Modify the default clock in OS X\'s menu bar to show the full date

By default, Mac OS X’s menu bar is set to show an abbreviated version of the day of the week and the current time. Customize your time settings to display more information.

If you’re forgetful like me and often have no idea what time, day, or even month it is, then you’ve probably been let down time after time when you look to the clock on your Mac’s menu bar and only get some of the information you’re in search of. Sure, Leopard introduced a dynamic dock icon for iCal which shows the date, but it’s inconvenient to look to the top of the screen for the time and then to the bottom for the date. Why not have it all in the same place?

With a few easy tweaks, OS X’s menu bar can be edited to show the full day, date, and time so it’s all always available for a quick glance.

1.) To start off, let’s go into System Preferences and click on the International button (on the top row of icons).

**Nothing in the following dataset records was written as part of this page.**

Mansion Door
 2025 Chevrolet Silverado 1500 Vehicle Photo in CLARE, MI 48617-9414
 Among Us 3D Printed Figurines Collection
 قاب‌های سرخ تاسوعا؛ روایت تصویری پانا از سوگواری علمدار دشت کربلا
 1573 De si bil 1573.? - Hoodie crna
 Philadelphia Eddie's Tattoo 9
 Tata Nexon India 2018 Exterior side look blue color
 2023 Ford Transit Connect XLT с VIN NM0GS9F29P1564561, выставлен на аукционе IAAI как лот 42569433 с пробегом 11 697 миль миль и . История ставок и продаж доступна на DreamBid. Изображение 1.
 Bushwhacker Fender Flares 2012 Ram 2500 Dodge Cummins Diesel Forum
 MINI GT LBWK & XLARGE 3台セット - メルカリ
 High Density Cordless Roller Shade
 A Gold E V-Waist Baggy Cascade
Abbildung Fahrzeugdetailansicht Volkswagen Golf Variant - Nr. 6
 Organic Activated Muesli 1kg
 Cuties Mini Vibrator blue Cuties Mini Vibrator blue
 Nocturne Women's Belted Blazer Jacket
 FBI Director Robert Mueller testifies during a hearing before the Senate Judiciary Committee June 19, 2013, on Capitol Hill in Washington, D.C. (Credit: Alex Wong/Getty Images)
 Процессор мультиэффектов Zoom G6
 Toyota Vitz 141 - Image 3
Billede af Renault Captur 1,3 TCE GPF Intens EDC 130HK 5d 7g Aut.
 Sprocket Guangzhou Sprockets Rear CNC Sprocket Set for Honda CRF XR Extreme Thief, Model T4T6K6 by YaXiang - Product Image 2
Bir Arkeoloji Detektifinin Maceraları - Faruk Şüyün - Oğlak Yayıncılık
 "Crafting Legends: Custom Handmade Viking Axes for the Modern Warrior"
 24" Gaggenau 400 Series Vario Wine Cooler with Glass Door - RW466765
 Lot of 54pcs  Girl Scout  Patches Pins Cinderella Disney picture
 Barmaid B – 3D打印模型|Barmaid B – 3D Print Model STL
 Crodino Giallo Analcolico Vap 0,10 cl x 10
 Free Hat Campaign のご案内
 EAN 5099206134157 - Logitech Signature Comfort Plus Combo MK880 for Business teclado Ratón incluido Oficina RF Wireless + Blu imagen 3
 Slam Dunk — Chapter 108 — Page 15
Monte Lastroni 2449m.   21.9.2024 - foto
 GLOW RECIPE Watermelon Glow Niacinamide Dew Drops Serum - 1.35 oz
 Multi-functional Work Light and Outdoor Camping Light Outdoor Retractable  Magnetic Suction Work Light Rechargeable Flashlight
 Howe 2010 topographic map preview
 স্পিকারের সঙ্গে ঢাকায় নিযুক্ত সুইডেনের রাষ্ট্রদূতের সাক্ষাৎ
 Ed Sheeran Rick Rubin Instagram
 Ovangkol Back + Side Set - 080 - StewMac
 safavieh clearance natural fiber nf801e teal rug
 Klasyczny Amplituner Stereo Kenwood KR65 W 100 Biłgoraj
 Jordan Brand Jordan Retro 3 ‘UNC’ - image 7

Once the International window comes up, click the Formats tab on the top. Here you will find details on how Mac OS X displays dates, times, numbers, currency, etc.

Modify the default clock in OS X's menu bar to show the full date

2.) In the Dates section, click the Customize button and the window pictured below will pop up. Under the Show drop-down menu, select Full. Click inside the white text box, select all of the text in it (Cmd + A), and copy it (Cmd + C). Once the text is copied, click Cancel.

Modify the default clock in OS X's menu bar to show the full date

3.) Next, we’re going to go into the Times section and click its Customize button. In this window, choose Medium from the Show drop-down menu. This is the template the menu bar pulls from to display the time.

Modify the default clock in OS X's menu bar to show the full date

4.) If you click to place the cursor at the beginning of the text box (make sure nothing is selected), you can paste what we copied in the previous step (Cmd + V). The day and full date will be plopped right in front of the time. You may want to add a bit of punctuation to break up the two pieces of information so they don’t run into each other. For example, I added a space, then a dash, then another space between the year (2008) and beginning of the time (7). Click OK to save your changes.

Modify the default clock in OS X's menu bar to show the full date

5.) That was easy enough! So we’re all done, right? Not quite. As you can see, the abbreviated day of the week (Tue) is still stuck in front of the full day (Tuesday). A quick change can take care of that.

Modify the default clock in OS X's menu bar to show the full date

6.) In System Preferences, click on the Date & Time button (4th row of icons). Choose the Clock tab at the top and you’ll see a short list of options. Uncheck the “Show the day of the week” option and the abbreviated version will magically disappear.

Modify the default clock in OS X's menu bar to show the full date

7.) That’ll do it! Now you’ve got a full-featured menu bar that conveniently tells the absent-minded (a.k.a. me) the full day of the week, month, date, year, and time all in one easy to find place.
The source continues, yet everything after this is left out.